Home
Blog
How to Run 25 Million Image Vectors on Under 1GB of Memory in Milvus

How to Run 25 Million Image Vectors on Under 1GB of Memory in Milvus

Engineering

June 03, 2026

Jack Li

A Milvus user recently came to us with a very practical image search problem.

“We need to do image-to-image search on 25 million images, encoded as 1280-dimensional vectors. A single machine will serve the workload. It has 64GB of RAM, and at most 32GB can go to the vector database. But the Milvus Sizing Tool says we need 139GB. Are we cooked?”

Sizing Tool estimation results: 25M × 1280-dimensional vectors, Raw Data Size 119.2 GB, Loading Memory 139.4 GB

Not quite.

At first, the obvious answer seemed to be a more advanced index. If the dataset is large and memory is tight, surely a smarter ANN index should help. In this case, it did not. The index that finally worked was Milvus’s simplest option: FLAT.

The result was better than expected: steady-state memory stayed under 1GB, the container’s resident memory was around 600MB, and warm-query latency stayed under 100ms.
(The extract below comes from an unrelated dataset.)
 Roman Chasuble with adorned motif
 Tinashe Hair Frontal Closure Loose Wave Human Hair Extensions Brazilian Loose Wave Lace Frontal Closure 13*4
Startup briefly peaked at about 12.5GB, and the first query took about 30 seconds while the system warmed up.

The important part is not that FLAT magically made 25 million brute-force comparisons cheap. It did not. The important part is that this workload almost never searched all 25 million vectors. Scalar filters narrowed each query first, and FLAT only compared vectors inside that much smaller candidate set.

This post walks through what failed, why FLAT worked, and when the same pattern is worth trying in your own workload.

Why AISAQ and IVF_FLAT Did Not Work Here

Before FLAT, the user tried two indexes that looked more natural for a constrained machine.

First attempt: AISAQ. AISAQ is a disk-oriented index designed to keep memory usage low. The catch in this workload was the build and load path. In an earlier test with 55 million vectors, one collection load wrote 249GB of temporary data to disk and took too long to be practical.

Second attempt: IVF_FLAT. IVF_FLAT also looked reasonable because it is a standard ANN index. The index built successfully, but the collection load stalled at 14% and never recovered.

After those two dead ends, the user tried the boring option: FLAT. It loaded cleanly. It also gave the best runtime behavior for this specific query pattern.

Index	Why it looked promising	What happened in this workload
AISAQ	Disk-oriented index with low memory usage in theory	The build/load path generated large temporary files. In a 55M-vector test, one collection load wrote 249GB of temporary data and was slow.
IVF_FLAT	Standard ANN index with lower search cost than a full scan	The index built, but collection load stalled at 14% and did not recover.
FLAT	No extra ANN structure and no index build complexity	Steady-state memory stayed under 1GB. Container resident memory was around 600MB. Startup peaked near 12.5GB. First query took about 30s, then warm queries stayed under 100ms.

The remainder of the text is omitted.